Dallas Says He Shouldn’t Lose Credit Convicted Killer Could Face Extra Year For Not Testifying
A man convicted of killing two state Fish and Game officers should not lose a year of good time credit because he refused to testify at a disciplinary hearing for his escape from prison, his attorney says.
Self-styled mountain man Claude Dallas, Jr., escaped from the Idaho State Correctional Institution on March 30, 1986. Following his capture about 11 months later, he was found guilty in a disciplinary hearing of escape and destruction of state property for cutting a prison fence.
The Idaho Court of Appeals on Wednesday heard an appeal by the state against a district court ruling that by scheduling the disciplinary hearing before the criminal escape trial, the state may have improperly forced Dallas to choose between the two punishments.
He lost a year of good time against his 30-year sentence. The state then charged him with felony escape. A jury acquitted him, accepting the idea Dallas escaped to avoid injury or death by prison guards.
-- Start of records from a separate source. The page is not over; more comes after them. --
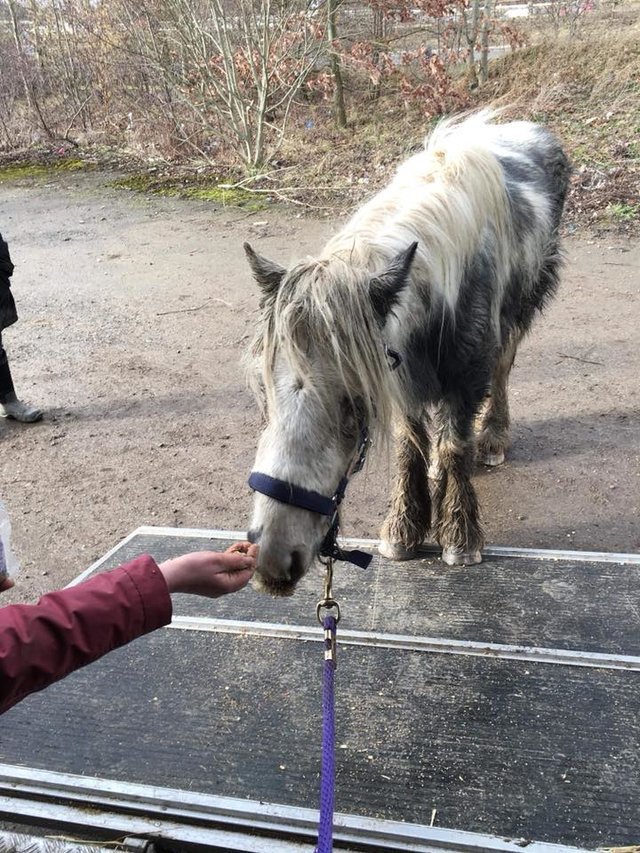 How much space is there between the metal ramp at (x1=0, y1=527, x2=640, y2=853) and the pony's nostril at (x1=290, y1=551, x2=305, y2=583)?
0.73 metres

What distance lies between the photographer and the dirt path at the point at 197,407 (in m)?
4.16

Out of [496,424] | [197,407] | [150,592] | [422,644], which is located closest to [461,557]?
[422,644]

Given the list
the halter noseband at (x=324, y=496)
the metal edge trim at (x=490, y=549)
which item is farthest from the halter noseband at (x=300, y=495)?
the metal edge trim at (x=490, y=549)

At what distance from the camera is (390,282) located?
2.27 m

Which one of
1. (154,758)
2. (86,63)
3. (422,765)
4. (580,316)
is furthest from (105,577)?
(86,63)

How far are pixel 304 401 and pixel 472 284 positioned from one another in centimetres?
132

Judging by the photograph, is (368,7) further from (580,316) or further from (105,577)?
(105,577)

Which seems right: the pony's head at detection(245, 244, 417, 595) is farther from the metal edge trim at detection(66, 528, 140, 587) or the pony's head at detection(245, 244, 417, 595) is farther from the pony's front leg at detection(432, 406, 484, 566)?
the metal edge trim at detection(66, 528, 140, 587)

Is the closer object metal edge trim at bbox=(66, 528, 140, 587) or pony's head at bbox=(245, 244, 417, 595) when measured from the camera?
pony's head at bbox=(245, 244, 417, 595)

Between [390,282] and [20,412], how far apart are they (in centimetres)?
412

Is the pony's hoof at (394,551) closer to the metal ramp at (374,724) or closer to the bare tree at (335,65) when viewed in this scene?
the metal ramp at (374,724)

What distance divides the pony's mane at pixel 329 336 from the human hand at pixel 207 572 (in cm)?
58

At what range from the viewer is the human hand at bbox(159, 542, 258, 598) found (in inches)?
73.4

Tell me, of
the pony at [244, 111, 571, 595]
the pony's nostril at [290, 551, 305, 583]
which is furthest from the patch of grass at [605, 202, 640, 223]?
the pony's nostril at [290, 551, 305, 583] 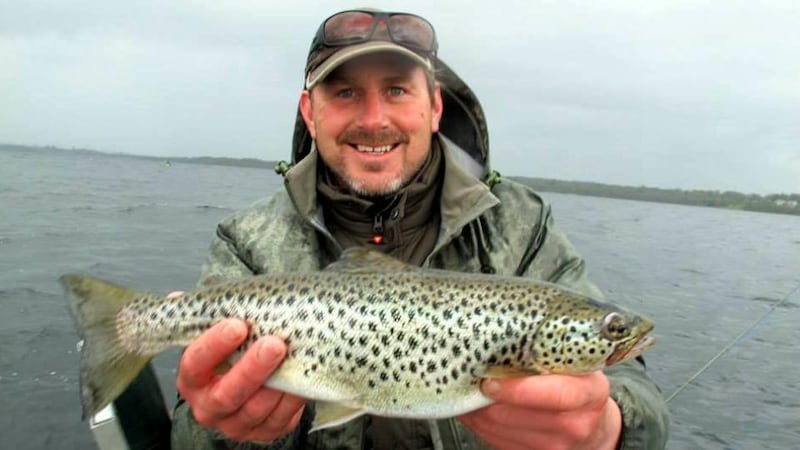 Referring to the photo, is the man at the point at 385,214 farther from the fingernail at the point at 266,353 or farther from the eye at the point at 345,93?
the fingernail at the point at 266,353

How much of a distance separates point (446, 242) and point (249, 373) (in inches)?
57.4

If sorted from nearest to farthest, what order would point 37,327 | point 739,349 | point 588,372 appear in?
point 588,372 < point 37,327 < point 739,349

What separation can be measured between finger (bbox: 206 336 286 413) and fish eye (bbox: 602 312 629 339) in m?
1.40

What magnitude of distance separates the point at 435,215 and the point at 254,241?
115 cm

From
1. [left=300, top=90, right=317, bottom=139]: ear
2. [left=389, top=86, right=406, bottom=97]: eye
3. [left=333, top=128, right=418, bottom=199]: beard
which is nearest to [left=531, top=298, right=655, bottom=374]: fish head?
[left=333, top=128, right=418, bottom=199]: beard

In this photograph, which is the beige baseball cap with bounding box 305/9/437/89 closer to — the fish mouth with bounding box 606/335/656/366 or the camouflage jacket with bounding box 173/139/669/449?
the camouflage jacket with bounding box 173/139/669/449

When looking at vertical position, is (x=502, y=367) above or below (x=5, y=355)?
above

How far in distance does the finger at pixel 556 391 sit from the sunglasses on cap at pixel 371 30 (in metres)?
2.17

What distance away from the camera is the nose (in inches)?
144

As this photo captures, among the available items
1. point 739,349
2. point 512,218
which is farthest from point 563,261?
point 739,349

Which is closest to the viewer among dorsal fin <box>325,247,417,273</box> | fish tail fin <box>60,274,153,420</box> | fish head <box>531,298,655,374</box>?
fish head <box>531,298,655,374</box>

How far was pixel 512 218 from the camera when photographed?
4.03m

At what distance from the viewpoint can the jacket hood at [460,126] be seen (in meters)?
4.47

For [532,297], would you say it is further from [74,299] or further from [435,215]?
[74,299] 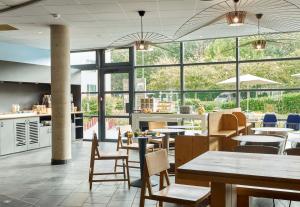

Dallas, now being held in a Kansas prison for his conviction on two voluntary manslaughter charges and a firearms enhancement charge, contends he refused to testify because he did not want information disclosed there to be used against him in his escape trial.
“His acquittal says he didn’t break the law, so the state can’t discriminate against him,” said Dallas’ attorney Dennis Benjamin, calling his silence a “strategic choice.”
But Deputy Attorney General Tim McNeese told the appellate court that the burdens of proof between a disciplinary hearing and a trial are very different.
The appellate court took the case under advisement.